Frame a Strong, Stable Floor With I-Joists
Engineered floor joists are straighter, faster, and flatter, but they aren't installed the same way as dimensional lumber.
Synopsis: When Rhode Island builder John Spier is getting ready to frame a floor, he doesn’t place an order for dimensional lumber. He calls in an order for I-joists. These engineered floors joists are pricier than regular lumber, but because they are straighter and flatter, they can be installed more quickly. That means big savings in labor costs. I-joists are a component of an engineered floor system, and they require a specific installation process and hardware, including joist hangers. After the joists are in place, a subfloor locks together the layout.
Manufactured I-joists are used in about 45% of new wood-frame construction, and that amount is expected to rise. I can’t remember the last time I framed a new floor with dimensional lumber. To me, I-joists make more sense. They are straighter, stronger, and lighter, and they span longer distances than ordinary 2xs. They are also a more-efficient use of resources because they can be manufactured using lesser-quality trees. Of course, I-joists cost a bit more, but they also are much easier to install, meaning I get a big savings in labor.
Then again, nothing is perfect, and I-joists have a few disadvantages compared to standard dimensional lumber. They don’t cope well with careless handling, they are more sensitive to moisture, and they shouldn’t carry any load until they are fully sheathed. They also aren’t as amenable to job-site change orders, and many lumberyards don’t stock them.
I-joists are part of a carefully planned floor system
With I-joists, system is the operative word. A floor framed with I-joists is designed as a package with all its components specifically located in the overall structure. This is different from conventional framing, where joist size is selected based on maximum span and then is used for an entire floor. In an I-joist floor, components have the same depth, but flange widths, joist spacing, and attachment details can vary throughout the system to make the most-efficient use of materials.
The first step in building an I-joist floor is having it designed. I provide lumber suppliers with complete sets of building plans, which they pass along to one or more engineered-lumber vendors. In a week or two, each vendor sends me floor-framing plans and quotes for the I-joists, beams, blocking, hardware, and other material.
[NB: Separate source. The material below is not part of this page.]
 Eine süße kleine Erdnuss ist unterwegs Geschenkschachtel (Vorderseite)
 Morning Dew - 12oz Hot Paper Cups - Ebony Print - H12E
It’s important to review the engineer’s floor-framing plans carefully, especially to make sure that they work with the builder’s plans. Sometimes the engineers miss a key element and design a framing plan that doesn’t accommodate the plumbing or the ductwork, or they might specify some details that experience has taught me to avoid. On the other hand, an engineer sometimes simplifies and improves the structure by coming up with a framing plan that I hadn’t envisioned.
I also review the attached materials list carefully. If the engineer has specified a lot of mixed, short-length pieces, I often combine them into longer lengths that can be cut to length on site. The longer lengths are easier to handle, reduce waste, and give me a margin for error if I make a cutting mistake later or find a damaged piece in the pile. Blocking panels, which are short lengths of joist used to transfer loads over bearing walls, are often listed as a pile of separate 2-ft.-long I-joists, but I can save myself some money by getting these short pieces out of cutoffs instead.
I also always buy one extra of the longest joist just in case; if I don’t use it, I can return it. I check the beams, too, because I often can combine them into continuous lengths that are stronger and can be installed faster. Finally, I check the hardware list. If the engineer has specified hardware items that I’m unfamiliar with, I look them up in the catalog to see how they are installed.